:: Work instruction ::
In the data below, the copy begins at the line containing "this 500×400 image." and runs through the last line; repeat those lines exactly, minus the pictures.

_____

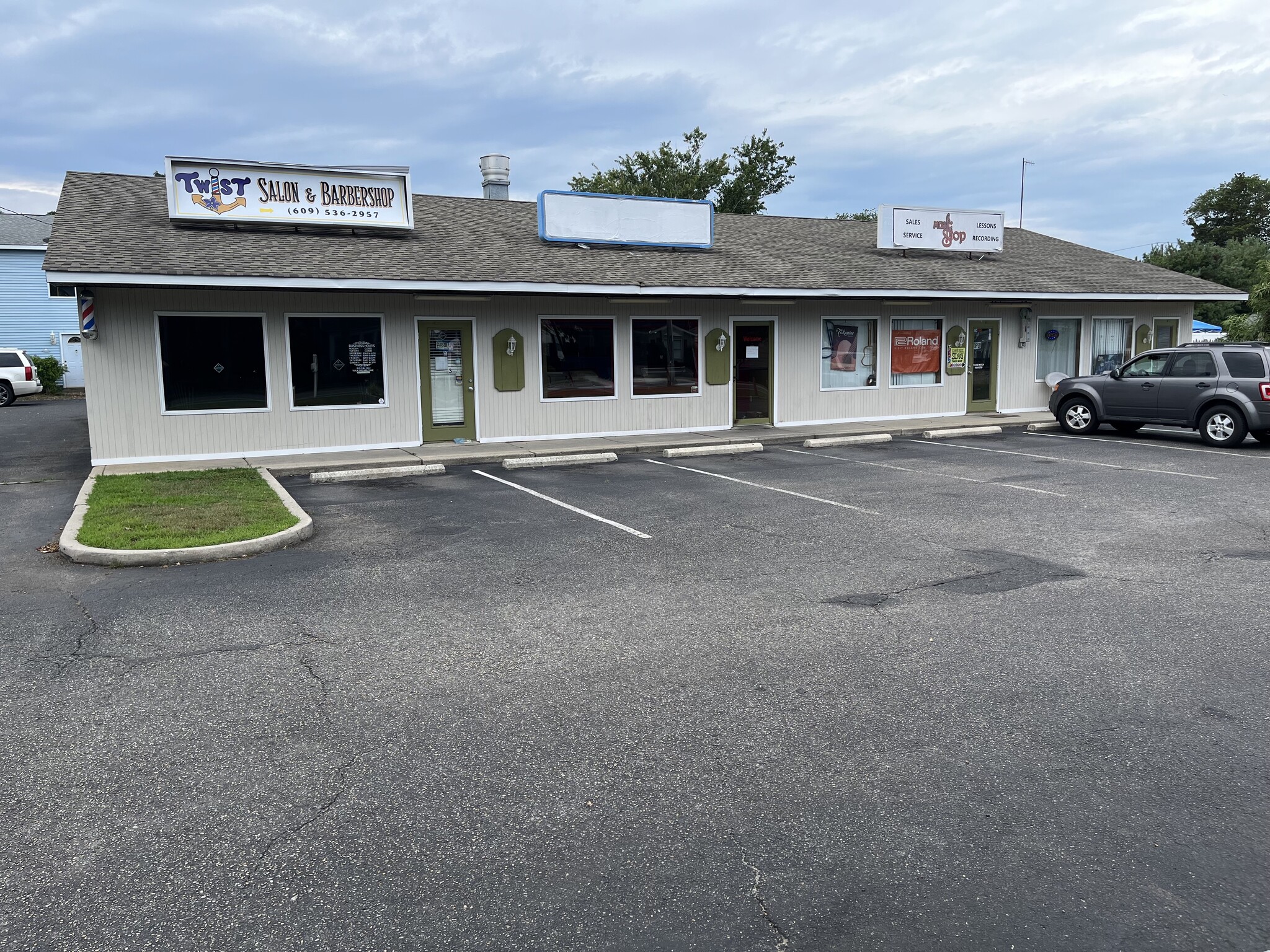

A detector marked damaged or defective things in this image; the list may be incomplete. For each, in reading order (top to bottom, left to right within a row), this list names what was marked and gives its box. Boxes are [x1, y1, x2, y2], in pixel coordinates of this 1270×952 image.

crack in asphalt [742, 863, 787, 949]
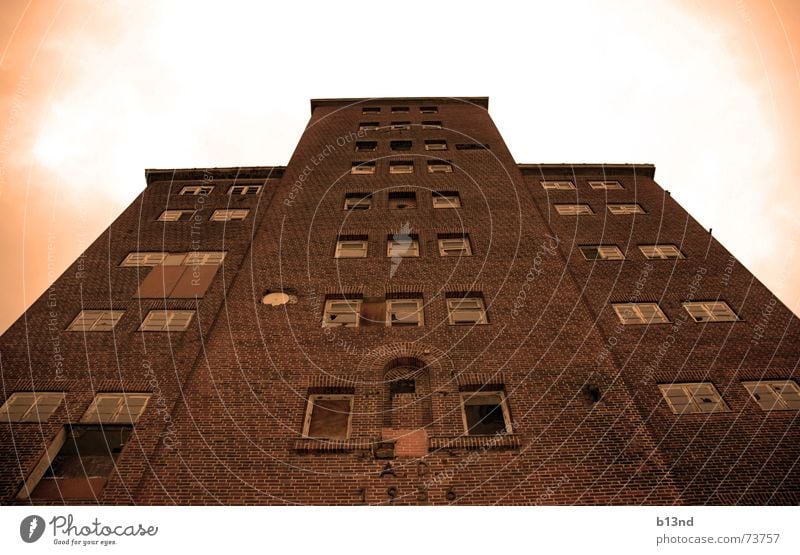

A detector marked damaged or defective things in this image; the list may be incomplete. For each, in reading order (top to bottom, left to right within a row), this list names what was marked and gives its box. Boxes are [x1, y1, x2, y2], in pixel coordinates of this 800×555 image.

broken window [340, 193, 372, 211]
broken window [390, 191, 418, 208]
broken window [66, 310, 124, 332]
broken window [324, 302, 364, 328]
broken window [388, 300, 424, 326]
broken window [444, 298, 488, 324]
broken window [0, 394, 64, 424]
broken window [304, 396, 354, 444]
broken window [460, 394, 510, 436]
broken window [660, 384, 728, 414]
broken window [744, 380, 800, 410]
broken window [28, 426, 133, 504]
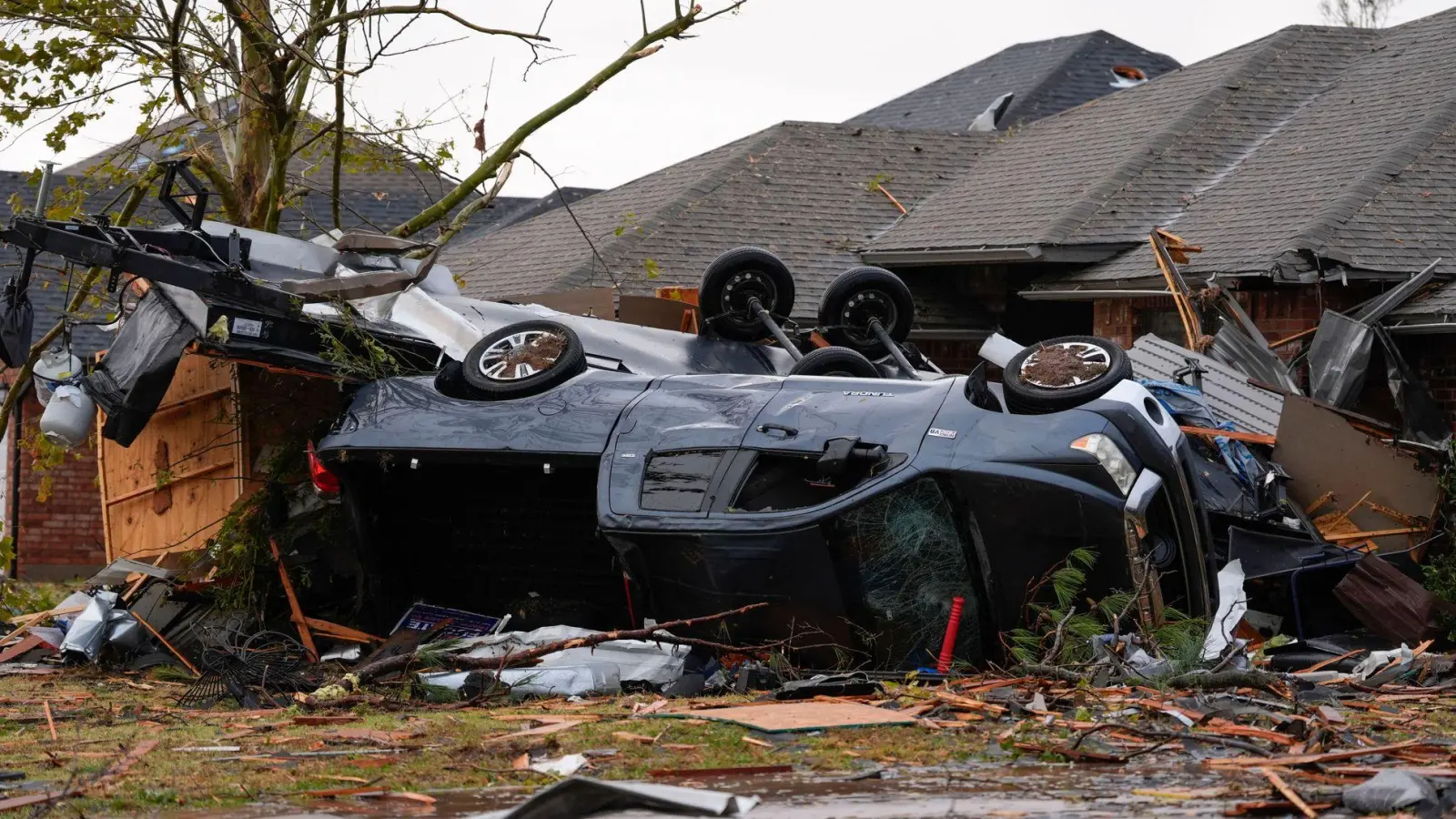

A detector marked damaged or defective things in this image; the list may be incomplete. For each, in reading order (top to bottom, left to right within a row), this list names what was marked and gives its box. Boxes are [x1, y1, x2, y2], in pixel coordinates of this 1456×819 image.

damaged roof section [442, 120, 990, 318]
damaged roof section [855, 10, 1456, 289]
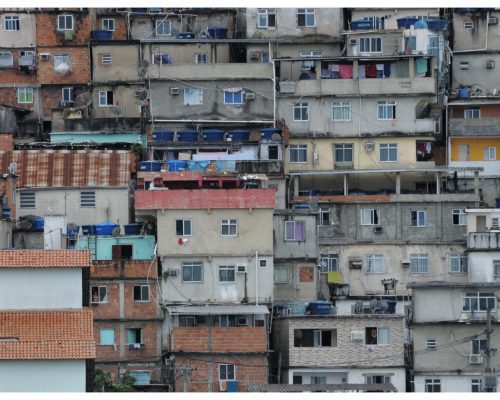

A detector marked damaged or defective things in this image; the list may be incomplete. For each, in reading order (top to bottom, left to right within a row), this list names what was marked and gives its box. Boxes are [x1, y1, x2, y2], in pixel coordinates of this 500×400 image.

rusty corrugated roof [0, 149, 136, 188]
rusty corrugated roof [0, 308, 95, 360]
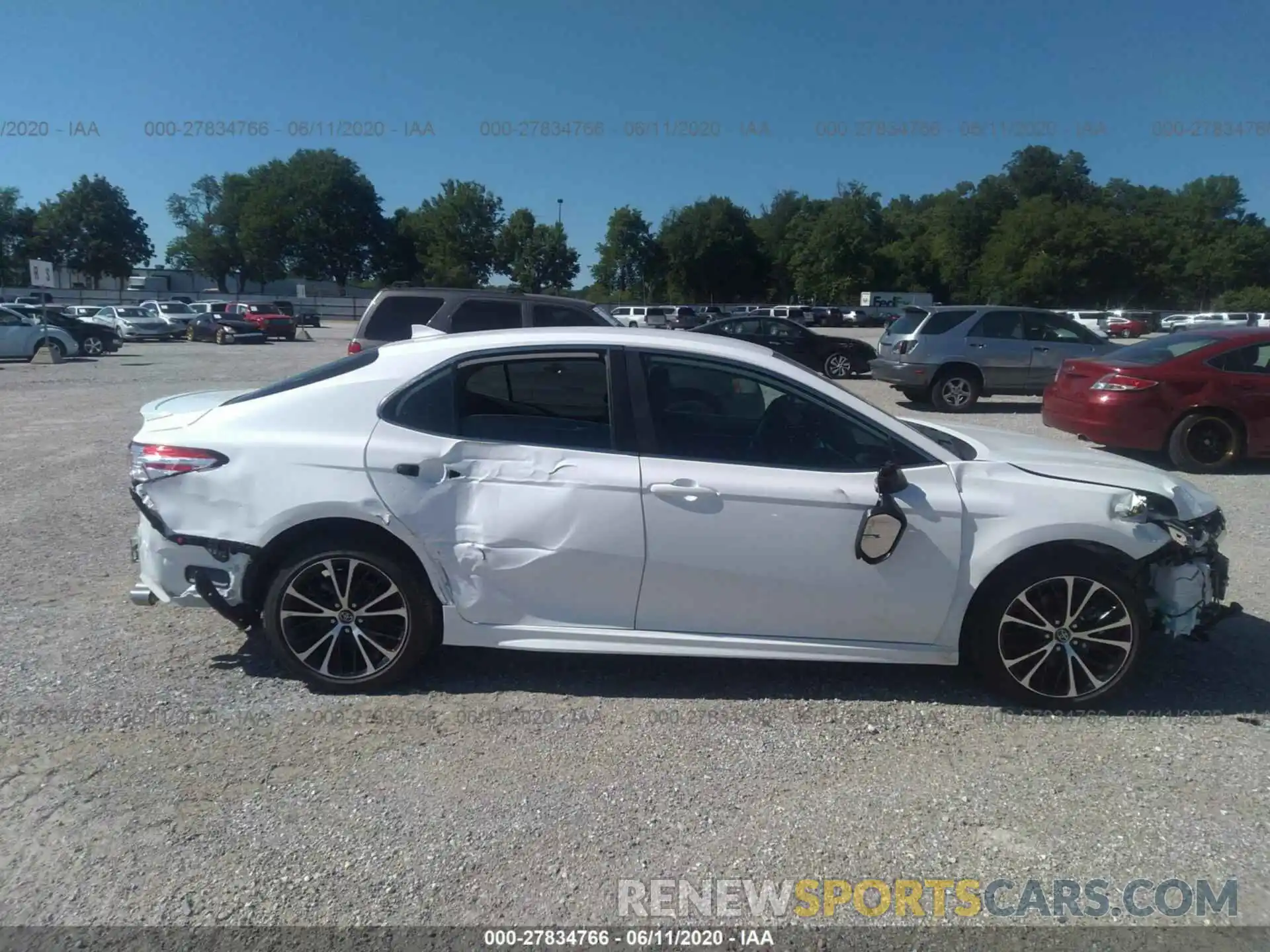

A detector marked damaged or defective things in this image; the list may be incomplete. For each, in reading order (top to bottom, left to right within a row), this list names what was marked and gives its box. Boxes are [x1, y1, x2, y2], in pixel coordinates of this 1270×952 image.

damaged rear bumper [126, 487, 260, 629]
dented rear door [365, 350, 645, 635]
dented front door [365, 421, 645, 629]
damaged white car [124, 327, 1234, 711]
damaged front end [1122, 495, 1239, 645]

_____

:: Finished task ::
A detector marked damaged or defective things in this image; the list may be incomplete. For each, in reading order (top to bottom, left to right within a row), this list names what was marked and gives its box. Boxes are [x1, y1, x2, y2], in pixel coordinates of this 500×400 image.

rusty corrugated roof [0, 149, 136, 188]
rusty corrugated roof [0, 308, 95, 360]

A detector marked damaged or defective things in this image; the list may be incomplete. For each, in reading order (top to bottom, left to right within a row), this list names what was marked and gives its box. Boxes are [x1, y1, x2, y2], in pixel coordinates of this 1270×952 image.

damaged rear bumper [126, 487, 260, 629]
dented rear door [365, 350, 645, 635]
dented front door [365, 421, 645, 629]
damaged white car [124, 327, 1234, 711]
damaged front end [1122, 495, 1239, 645]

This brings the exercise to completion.